Changing Places facilities need to meet a certain standard to be registered on our website. www.changing-places.org This is to ensure that any facility advertised as a Changing Places toilet meets the needs and expectations of the people who use them. To be registered on the national government funded website, the facilities must be open to the public. Changing Places toilets should be installed in addition to, not in replacement of, standard accessible toilets for independent use.
The CP Consortium recommend that the dimensions of the room are a minimum of 12 square metres (3m x 4m), with a ceiling height of 2.4m. Examples can be found from page 32 of their Practical Guide. http://www.changing-places.org/LinkClick.aspx?fileticket=YEDKVYyX8TE%3d&tabid=38 Some facilities listed on the website as Changing Places will be smaller than 12 square metres. This reflects the standards of Changing Places toilets when the campaign was launched in 2006. The Changing Places Consortium appreciates that meeting the 12 square metres (3m x 4m) size criteria of the British Standard may be difficult in, for example, a listed building that cannot be altered. We would recommend that you consult with us at the Changing Places Consortium before you start planning any renovations or adaptations in buildings such as these.
Toilets may continue to be identified as Changing Places toilets where the minimum room dimensions are 7 square metres or above. We do recommend that providers and installers do their best to meet the 12 square metre British Standard current guidelines as smaller facilities may exclude many users who need the full space.
Facilities which do not provide the features in the Changing Places Standard section below, or alternative layouts, may not be identified as a Changing Places toilet on our website. However, they may still be of benefit to disabled people and their carers, and as such information regarding these facilities may be included on the website.
Changing Places – mandatory size for new build, complies with space and equipment fit out standards set out in BS8300 (shower optional) – Facilities with a peninsular toilet, full 12 sqm space, ceiling tracking hoist, adult sized height adjustable bench (wall mounted or free standing), public access. (Picture below) Changing Places (U) – undersized unit that does not fully meet BS8300, when the only option in an existing building. Peninsular toilet (or corner toilet if only option available), smaller than recommended 12 sqm, ceiling tracking hoist or mobile hoist, adult sized height adjustable bench (wall mounted or free standing), public access.

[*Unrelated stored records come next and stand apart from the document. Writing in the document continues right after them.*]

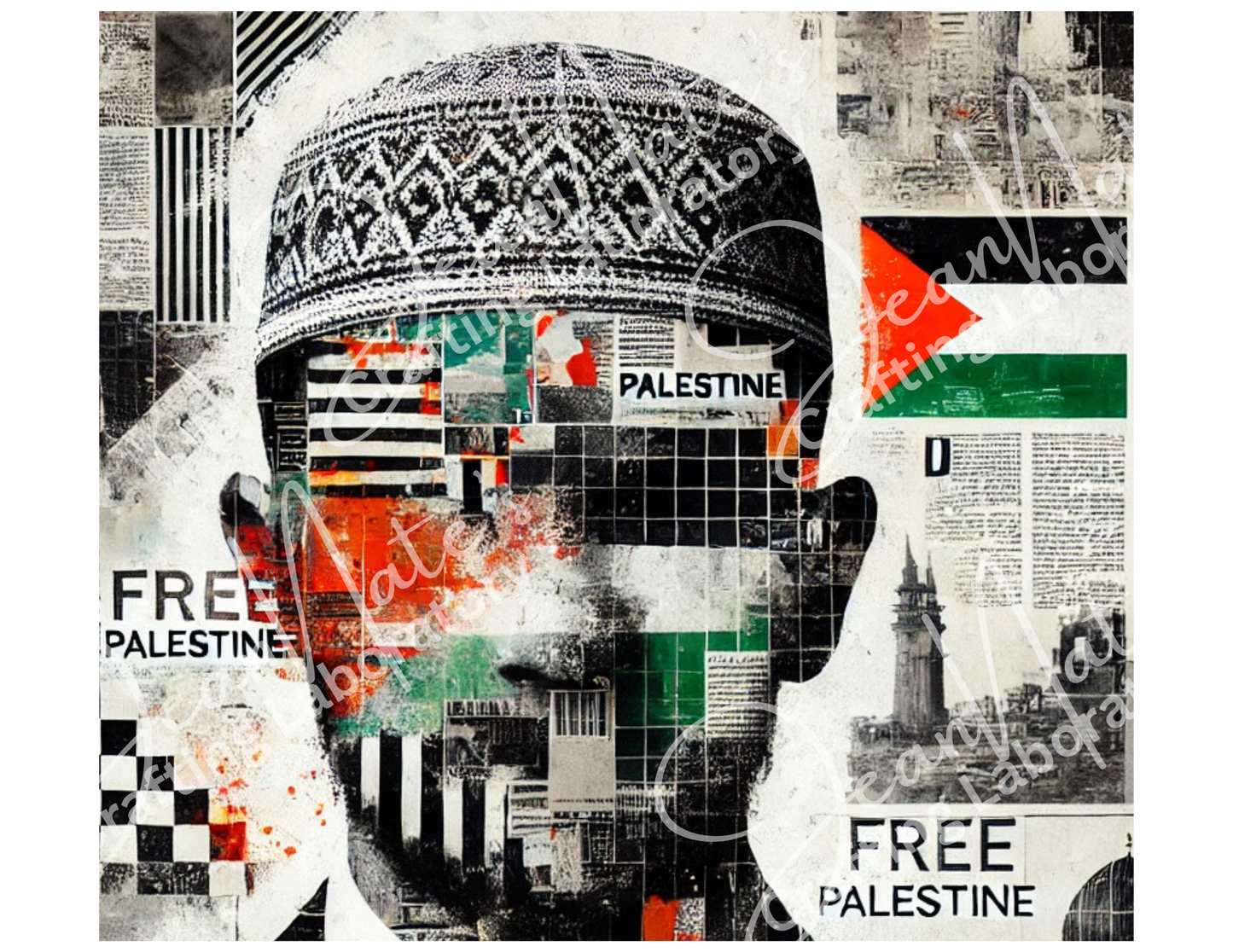 "Free Palestine" 20 oz Tumbler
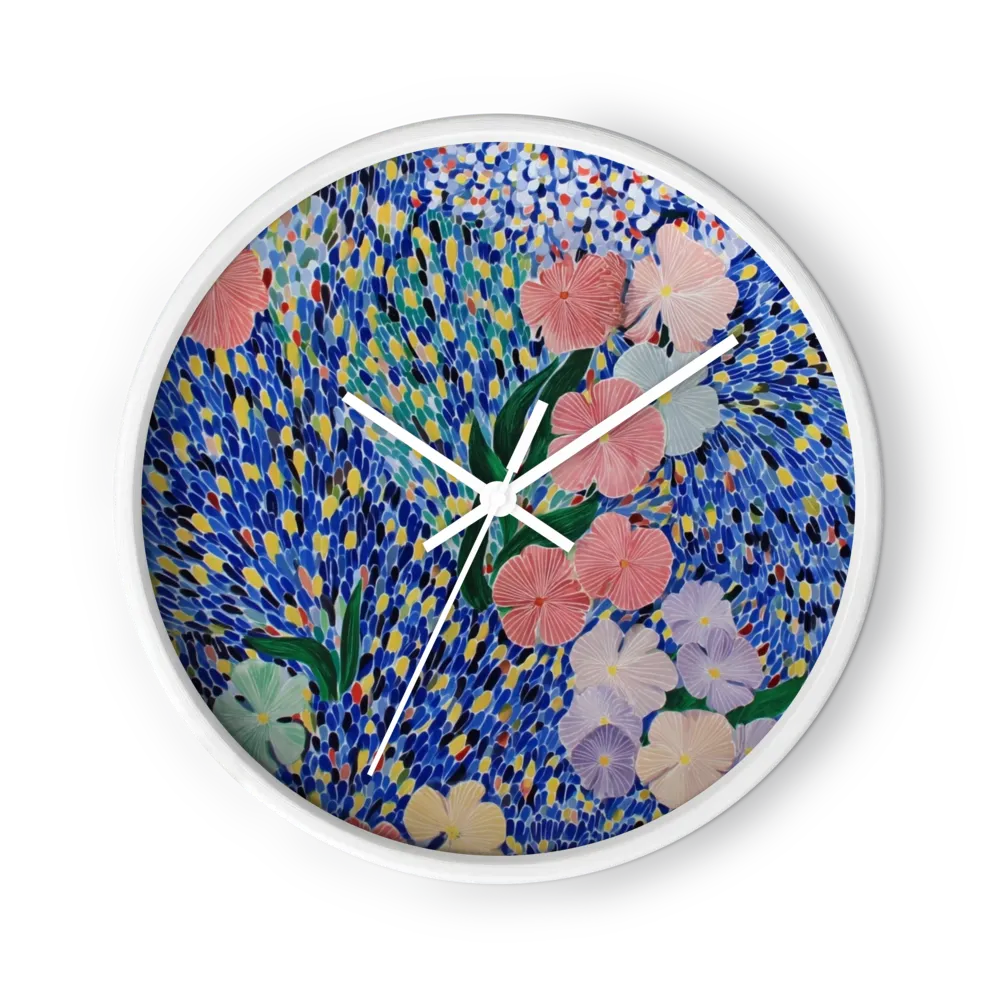 Pointillist Garden of Blossoms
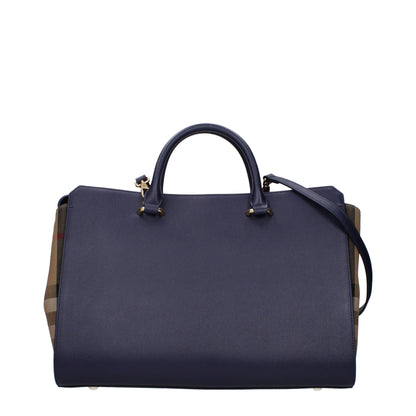 Burberry Blue Leather Handbags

Good signage is vital to help users of Changing Places toilets. The Changing Places symbol is increasingly recognised and should always be displayed at a Changing Places venue. Signs with the Changing Places symbol should be at the entrance to the toilet, inside the venue and on other appropriate signage.
If the Changing Places toilet is located by other toilets, then the Changing Places symbol should be displayed alongside all the usual toilet symbols, including that of standard accessible (disabled) toilets. Door signage is essential. We recommend that the Changing Places symbol is displayed on the door of the toilet.
As the symbol is not always recognised by everyone, venues may want to add the words “Changing Places Toilet” underneath. Additional information stating what a Changing Places toilet is and how you can gain access, could also be provided.
Signs inside the venue should give directions to all toilets, including the Changing Places toilet. Larger venues with greater numbers of visitors should locate signage overhead too so that it is visible when crowds fill the area.
Health and Safety information in the Changing Places toilet We recommend that “Guidance for Use” is displayed on the wall in the Changing Places toilet. You should state the manufacturer’s maximum weight limit for the hoist and changing bench, as well as instructions on how to use the hoist and height adjustable equipment.